The Aram Khachaturian Museum () was established in 1978 in Yerevan, Armenia, just after the composer's death. The first permanent exposition was opened on January 23rd 1984 on the occasion of the 80th anniversary of the outstanding composer. 

The idea of the museum came about in the 1970s, and Khachaturian himself was involved in its design. The composer left his manuscripts, letters, piano, various memorabilia, and personal gifts to the institution in his will. The building is an extension of the house where the composer resided whenever he visited the Armenian capital. It was converted into a museum by architect Edvard Altunyan.
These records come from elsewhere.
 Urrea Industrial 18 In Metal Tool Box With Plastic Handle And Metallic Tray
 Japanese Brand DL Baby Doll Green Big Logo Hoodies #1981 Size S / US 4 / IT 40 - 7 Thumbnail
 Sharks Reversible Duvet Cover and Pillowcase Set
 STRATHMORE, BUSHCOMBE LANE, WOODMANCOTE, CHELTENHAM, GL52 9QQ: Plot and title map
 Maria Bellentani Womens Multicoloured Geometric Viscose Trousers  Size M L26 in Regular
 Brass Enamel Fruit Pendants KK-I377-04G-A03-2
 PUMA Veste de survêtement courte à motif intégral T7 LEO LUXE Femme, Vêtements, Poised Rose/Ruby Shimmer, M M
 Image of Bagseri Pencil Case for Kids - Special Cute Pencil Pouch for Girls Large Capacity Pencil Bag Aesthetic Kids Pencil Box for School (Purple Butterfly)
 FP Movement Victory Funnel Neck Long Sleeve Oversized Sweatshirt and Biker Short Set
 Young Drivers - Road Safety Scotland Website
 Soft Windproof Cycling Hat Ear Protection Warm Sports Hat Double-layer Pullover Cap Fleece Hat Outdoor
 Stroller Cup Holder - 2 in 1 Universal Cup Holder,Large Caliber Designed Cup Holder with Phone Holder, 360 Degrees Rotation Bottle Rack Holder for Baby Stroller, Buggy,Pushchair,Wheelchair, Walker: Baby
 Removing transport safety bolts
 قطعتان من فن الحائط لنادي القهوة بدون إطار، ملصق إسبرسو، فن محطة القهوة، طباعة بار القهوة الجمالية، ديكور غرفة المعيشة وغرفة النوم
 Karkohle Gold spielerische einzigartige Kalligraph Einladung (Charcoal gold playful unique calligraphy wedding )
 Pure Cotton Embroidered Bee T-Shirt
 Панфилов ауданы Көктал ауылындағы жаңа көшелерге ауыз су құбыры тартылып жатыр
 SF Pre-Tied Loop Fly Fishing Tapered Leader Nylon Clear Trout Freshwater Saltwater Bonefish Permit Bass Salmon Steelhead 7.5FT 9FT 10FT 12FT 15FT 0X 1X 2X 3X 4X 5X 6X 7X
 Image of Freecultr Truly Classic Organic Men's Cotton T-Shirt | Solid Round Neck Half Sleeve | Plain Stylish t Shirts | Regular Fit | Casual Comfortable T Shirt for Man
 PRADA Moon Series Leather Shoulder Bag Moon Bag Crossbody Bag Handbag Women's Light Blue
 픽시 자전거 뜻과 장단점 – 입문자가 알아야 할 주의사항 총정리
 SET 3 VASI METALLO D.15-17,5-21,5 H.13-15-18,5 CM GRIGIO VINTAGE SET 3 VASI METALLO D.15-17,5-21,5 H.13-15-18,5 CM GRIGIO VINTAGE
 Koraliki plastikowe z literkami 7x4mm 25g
Under its founding director Gohar Harutiunyan, the museum succeeded in attracting financial support from a wide range of sponsors and benefactors, and expanded its collection of artifacts belonging to Khachaturian. Today the museum continues to grow under the directorship of Armine Grigoryan.

The multi-storied building houses an attractive concert hall (with a concert-grand Bechstein piano), where a regular music series takes place. It also houses an extensive library of CDs and a workshop for the restoration and repair of violins. The museum maintains strong links to Armenian musicians and composers and is committed to furthering music in Armenia. It also publishes a range of scholarly books.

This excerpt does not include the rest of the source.